- **Aim of the task**
While you copy the lines below, skip the pictures and keep the rest exact.

- **Given data**
********
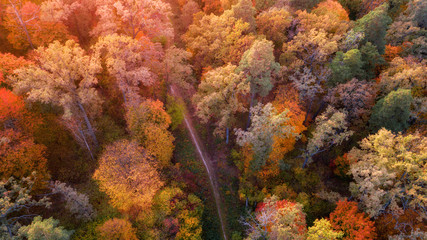 aerial veiw of colorful forest. amazing autumn background. bird's eye, drone shot
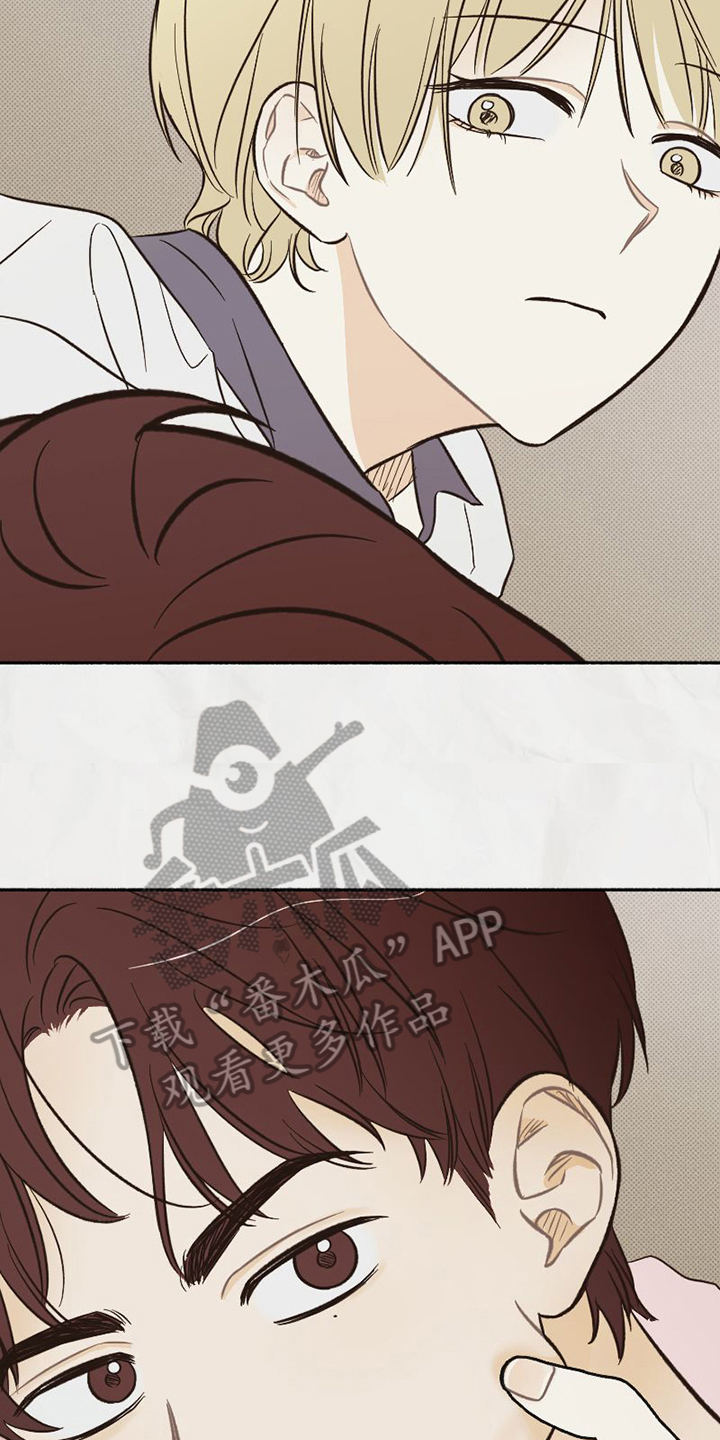 《雪融化的地方》第17章喜好 第3页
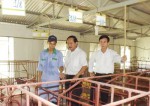 Phó Chủ tịch UBND tỉnh Nguyễn Quân Chính kiểm tra một số mô hình sản xuất, chăn nuôi trên địa bàn xã Hải Thượng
********
- **Reply**
 aerial veiw of colorful forest. amazing autumn background. bird's eye, drone shot
 《雪融化的地方》第17章喜好 第3页
 Phó Chủ tịch UBND tỉnh Nguyễn Quân Chính kiểm tra một số mô hình sản xuất, chăn nuôi trên địa bàn xã Hải Thượng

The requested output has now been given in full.